Let’s Build a Compiler (1995)

sigil · on Oct 30, 2013

If you're looking for a modern compilers class -- including the theory of why this stuff works -- I highly recommend Matt Might's [0]. All of the notes, slides, and code are online.

I audited Might's "Compilers" this spring. He live-coded a parser that parsed with derivatives, returning all possible parse trees whenever there were ambiguities in the grammar. [1] (Try getting that from yacc, or basically any other tool in existence right now.)

All of his coding was done in Racket scheme. At the beginning he told us we could use whatever for the projects, but doing certain things in C++ / Java / Python / some imperative language was "like bringing a knife to a gun-fight."

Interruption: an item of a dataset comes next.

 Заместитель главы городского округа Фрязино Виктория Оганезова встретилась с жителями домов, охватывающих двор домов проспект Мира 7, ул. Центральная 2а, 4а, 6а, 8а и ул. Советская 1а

The final project was a working Python -> C translator.

Really badass class.

[0] http://matt.might.net/teaching/compilers/spring-2013/

[1] http://matt.might.net/articles/parsing-with-derivatives/

haberman · on Oct 30, 2013

> returning all possible parse trees whenever there were ambiguities in the grammar. [1] (Try getting that from yacc, or basically any other tool in existence right now.)

Any GLR-based tool can do that trivially, including recent versions of Bison (derived from yacc): http://www.gnu.org/software/bison/manual/html_node/GLR-Parse...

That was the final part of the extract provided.